Second Stop - Breast Cancer Clinic Central

3 minute read time.

The 23rd May 2017.  Back to the Hospital.  This time it is in the Consultant's Breast Cancer Clinic.  Apparently, last weeks' appointment was The Non Stop Shop Clinic; but this is just The Breast Cancer Clinic.  The waiting room is packed.  Surely, all of these people can't have breast cancer?!?  Turns out there is a Urology Clinic being run at the same time, so now half of us have Breast Cancer, the other half have dodgy bladders!

There is a bit of wait before we go into to see Mr Consultant and his trusty sidekick - The Breast Nurse Clinical Specialist.  He is straight to the point though.  Yes.  I do have breast cancer.  Yes. I will need to have the lump removed. Yes, I will need radiotherapy after the surgery.  No.

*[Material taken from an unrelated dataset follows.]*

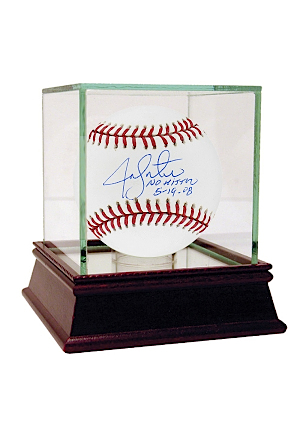 Jon Lester Autographed "No Hitter 5-19-08"MLB Baseball (Steiner COA)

It probably has not gone anywhere else in my body.  Apparently, as Breast Cancer goes, I have the most common, the most curable, the most treatable breast cancer you can have.  To Mr Consultant this is run-of-the-mill, his bread and butter type of breast cancer - hell!  He's not even planning on removing it for a couple of weeks!

I question - is it growing?  I'm told that not fast enough to make him want to remove it any quicker.

Apparently, the Hospital have to have a Multi-Disciplinary Team Meeting.  This is where all of the Breast Cancer Team sit down, look at my tit on the mammograph, Mr Consultant outlines his plans, everyone agreed or disagrees and then the treatment goes ahead. This MDT will not be held until Friday (26th May), so nothing can happen until after then.

Then it appears that Mr Consultant and Mrs Consultant Radiologist have to co-ordinate their diaries as they will both be involved on the big day.  Mrs Consultant Radiologist will inject a radioactive substance into my lymph nodes!  Under a local anesthetic (fuck!), she will also mark my tit as to exactly where the lump lies within.  I will then go to theatre and have a general anesthetic (yay!) where Mr Consultant will inject a blue dye into my tit.  This will highlight for him some of the lymph nodes that he would like to remove, just to check that they are cancer free.  He will then perform a wide local excision (lumpectomy).  Job done.

After three weeks of healing, I will then have to attend three weeks of Radiotherapy - every day, Monday to Friday.  Bloody hell!  This is getting more and more extreme!  What about my job?  What about the Homeless people in Hammersmith & Fulham, they need me!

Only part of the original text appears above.